Teacher brings costs of mining to the surface

February 01, 2006|Michael Kenney, Globe Correspondent

Lost Mountain: A Year in the Vanishing Wilderness; Radical Strip Mining and the Devastation of Appalachia, By Erik Reece, Riverhead, 250 pp., $24.95

There is really no nice way to mine coal. There are the deep shaft mines familiar as the scenes of disaster and tragedy, two recently in West Virginia. There are the strip mines that peel away the earth to get at the underlying coal beds. And then there are the mountaintop removal operations.

Only three years ago, Lost Mountain, in eastern Kentucky, was a forested 1,847-foot peak. Today, it exists merely as a name on a topographic map.

Over the course of a year, it was blasted away to mine the seams of coal running through it, with its rocks and topsoil, its pulverized oak and beech trees, dumped as ''fill" into the surrounding hollows and creek bottoms.

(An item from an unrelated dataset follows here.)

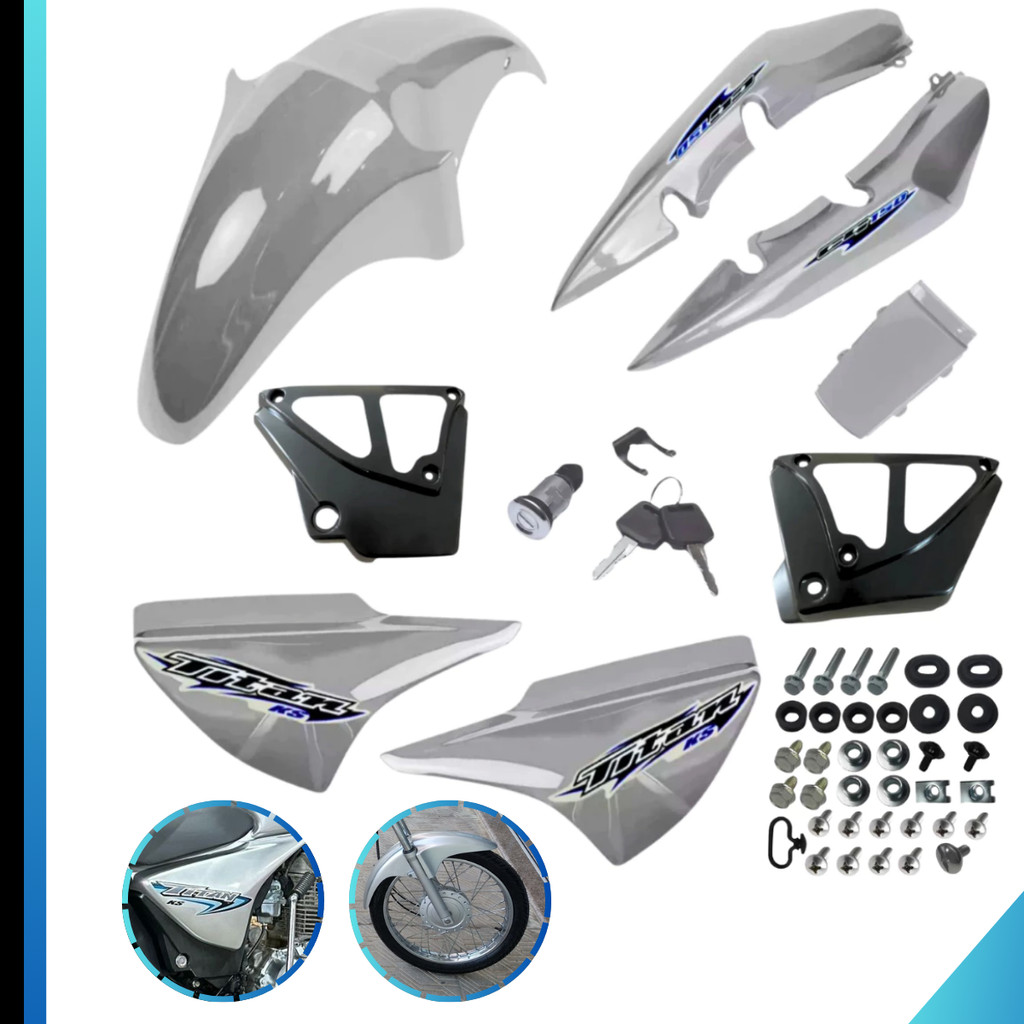 Kit Carenagem Titan 150 2006 2007 2008 Prata/Cinza + Trava Tampa Lateral + Sub Tampas + Parafusos e Adesivos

Erik Reece, who teaches writing at the University of Kentucky, prowled through the vanishing wilderness surrounding the Lost Mountain mining operation during 2003 and 2004, recording its progressing destruction.

Reece's report is a powerful indictment of the lax oversight of mining regulations and their scuttling by political allies of the mining industry. He also studies the mining companies' habit of forfeiting bonds intended to fund reclamation of their sites -- even if it were possible to reclaim what Reece describes as ''America's rain forest," an ecosystem home to some 80 species of trees and 700 miles of streams that have been buried by mountaintop removals (a topographic map would have been helpful for readers unfamiliar with the region).

It is an indictment made even more powerful by Reece's warm-hearted accounts of time spent with the Perry County families whose health and homes have been threatened by the mine's operations, and by his graceful descriptions of the natural splendor of eastern Kentucky.

A field trip with University of Kentucky students to observe Southern flying squirrels in flight conveys the delight of discovery, but also includes a warning about the loss of their forest habitat.